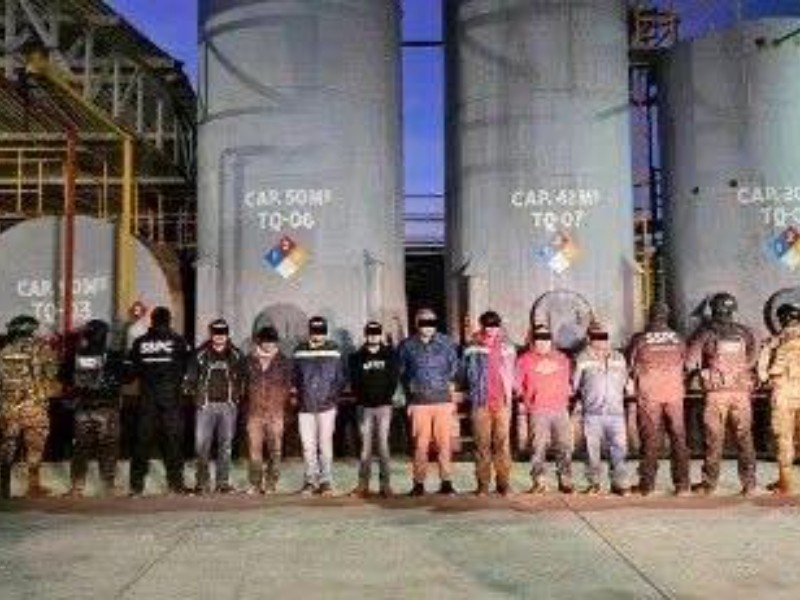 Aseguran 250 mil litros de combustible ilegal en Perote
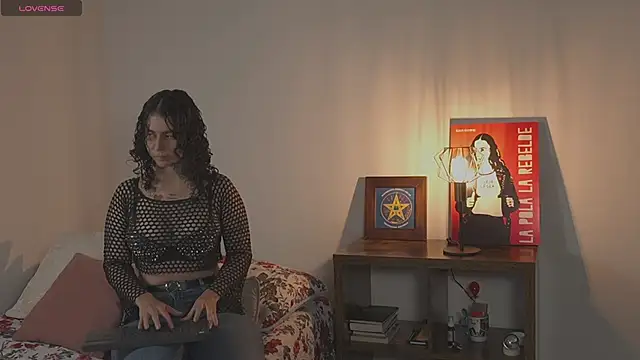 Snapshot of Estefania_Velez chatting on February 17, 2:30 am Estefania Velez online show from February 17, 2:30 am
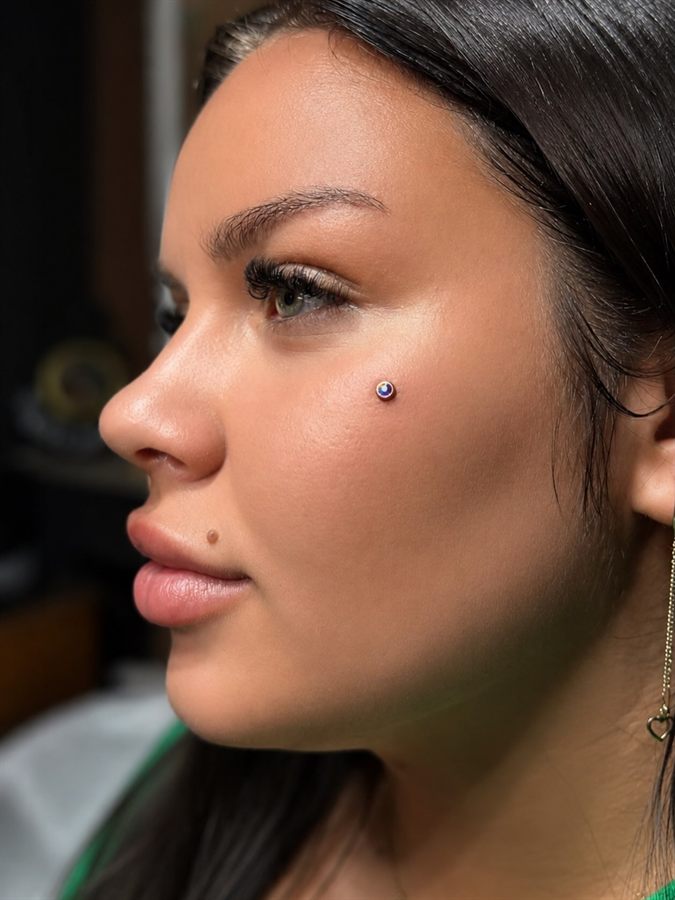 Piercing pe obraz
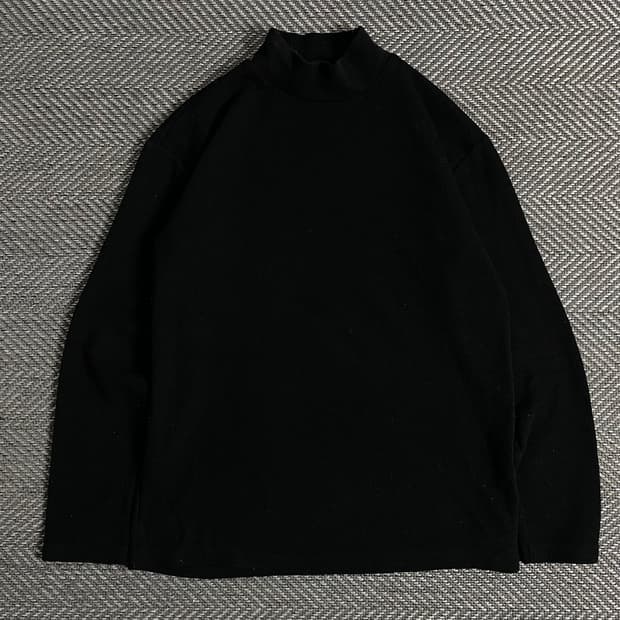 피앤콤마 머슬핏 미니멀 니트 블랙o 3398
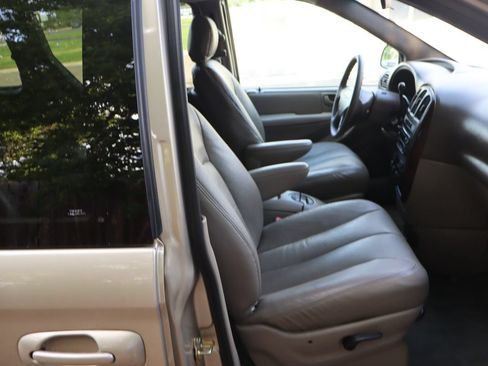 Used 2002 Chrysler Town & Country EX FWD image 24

□ □ □ □ □

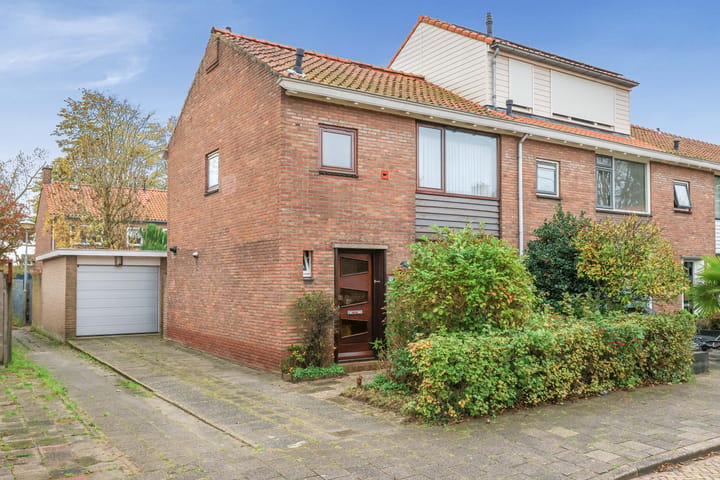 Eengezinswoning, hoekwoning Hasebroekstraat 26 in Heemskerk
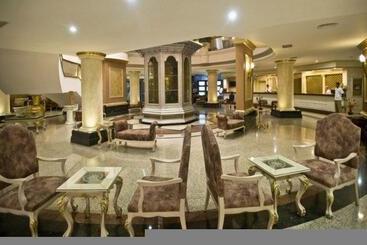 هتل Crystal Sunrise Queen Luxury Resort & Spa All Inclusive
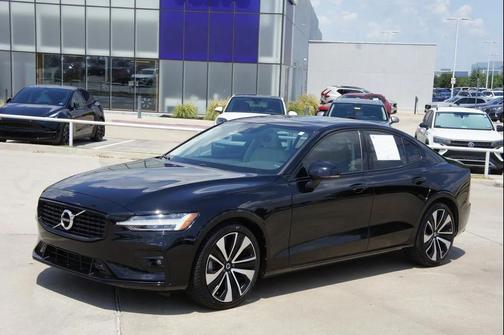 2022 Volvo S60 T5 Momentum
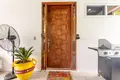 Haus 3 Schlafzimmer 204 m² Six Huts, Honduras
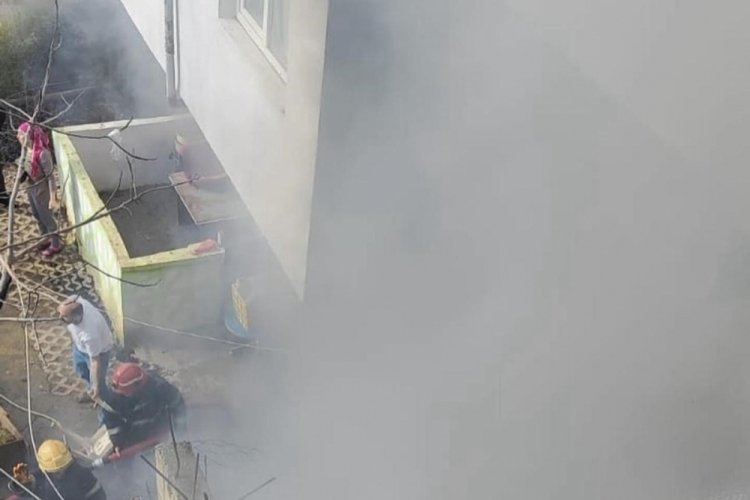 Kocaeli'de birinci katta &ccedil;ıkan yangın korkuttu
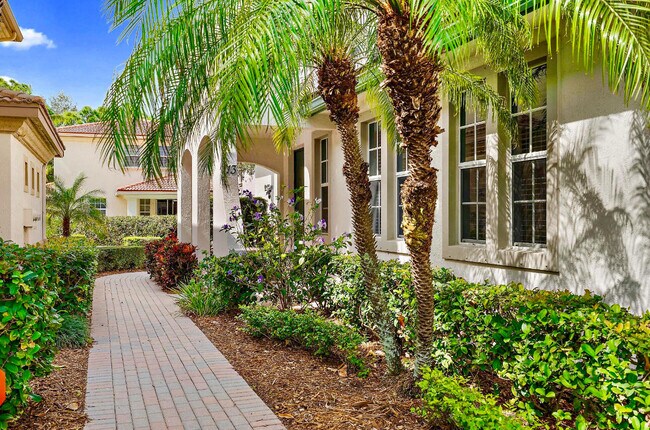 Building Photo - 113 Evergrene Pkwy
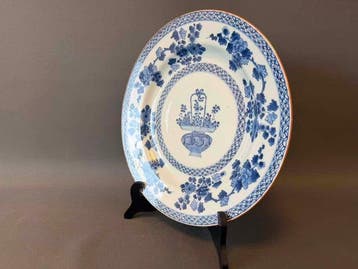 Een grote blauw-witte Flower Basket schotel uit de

□ □ □ □ □

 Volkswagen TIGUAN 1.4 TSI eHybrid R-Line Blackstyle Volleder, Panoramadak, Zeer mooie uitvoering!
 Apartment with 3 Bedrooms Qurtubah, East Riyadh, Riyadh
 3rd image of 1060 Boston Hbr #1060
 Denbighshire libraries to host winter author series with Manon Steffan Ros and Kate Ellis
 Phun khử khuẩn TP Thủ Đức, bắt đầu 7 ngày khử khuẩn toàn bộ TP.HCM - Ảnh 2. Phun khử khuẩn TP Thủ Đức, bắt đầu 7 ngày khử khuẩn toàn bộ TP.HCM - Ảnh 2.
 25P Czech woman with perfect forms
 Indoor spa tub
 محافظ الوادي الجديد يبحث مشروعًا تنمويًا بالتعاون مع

□ □ □ □ □

#### PROBLEM DESCRIPTION
Would you write out exactly the lines above, starting at the line containing "피앤콤마 머슬핏 미니멀 니트 블랙o 3398" and stopping after the line containing "Used 2002 Chrysler"? Omit the pictures.

#### WRITTEN RESPONSE
 피앤콤마 머슬핏 미니멀 니트 블랙o 3398
 Used 2002 Chrysler Town & Country EX FWD image 24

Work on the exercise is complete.